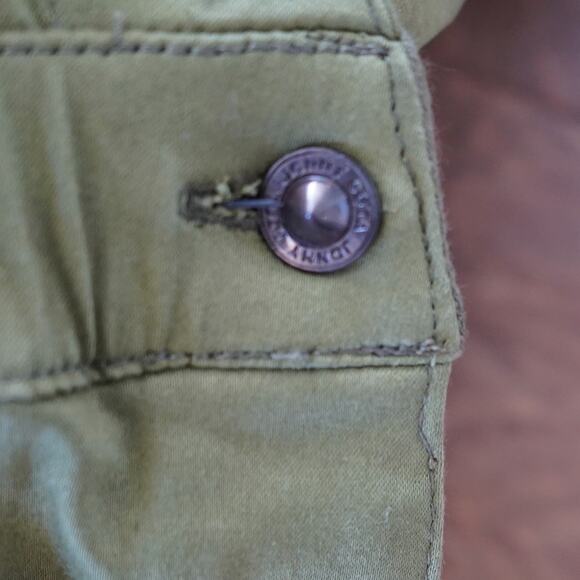 NWT Jonny Cota Studio CARGO OVERALLS IN GREEN Unisex Size XS - Picture 12 of 16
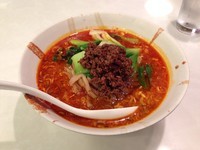 「坦々麺」@四川酒家 成都diningの写真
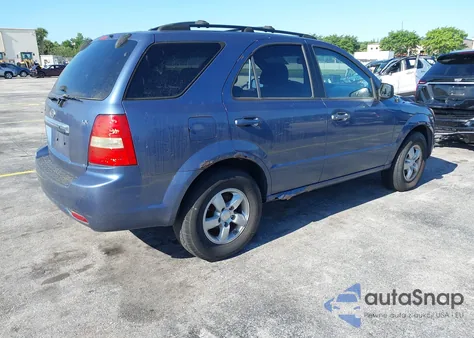 2007 Kia Sorento Lx z USA, uszkodzony, nr VIN KNDJC736075722571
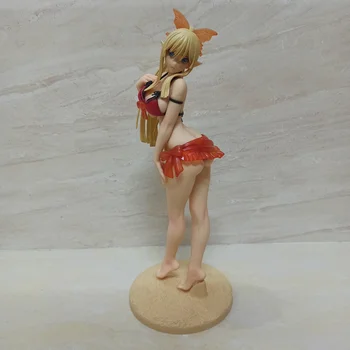 Anime Kirika Peldkostīmu Ver PVC Rīcības Attēls Kolekcionējamus Modeli, lelle, rotaļlieta, 26cm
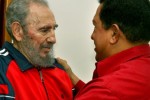 Fidel y Chávez. (Foto de Archivo)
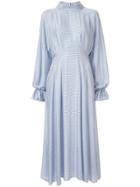 Rachel Comey Striped Midi Dress - White
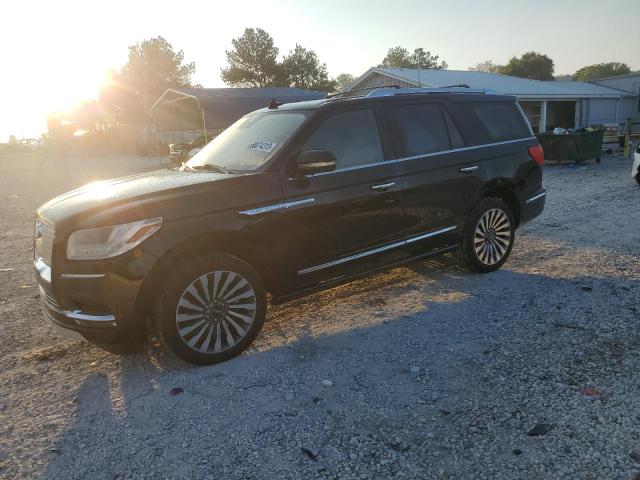 5LMJJ2LT4KEL10282 - 2019 LINCOLN NAVIGATOR RESERVE BLACK photo 1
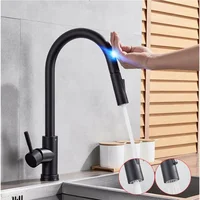 GEGVE-Fer de cuisson pour la cuisine, Smart Touch perfecancies, Acier inoxydable, Capteur à induction, Rib-out F/05 et Bouche d'eau 2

* * *

Quote the records in full and exactly; skip any image.

 NWT Jonny Cota Studio CARGO OVERALLS IN GREEN Unisex Size XS - Picture 12 of 16
 「坦々麺」@四川酒家 成都diningの写真
 2007 Kia Sorento Lx z USA, uszkodzony, nr VIN KNDJC736075722571
 Anime Kirika Peldkostīmu Ver PVC Rīcības Attēls Kolekcionējamus Modeli, lelle, rotaļlieta, 26cm
 Fidel y Chávez. (Foto de Archivo)
 Rachel Comey Striped Midi Dress - White
 5LMJJ2LT4KEL10282 - 2019 LINCOLN NAVIGATOR RESERVE BLACK photo 1
 GEGVE-Fer de cuisson pour la cuisine, Smart Touch perfecancies, Acier inoxydable, Capteur à induction, Rib-out F/05 et Bouche d'eau 2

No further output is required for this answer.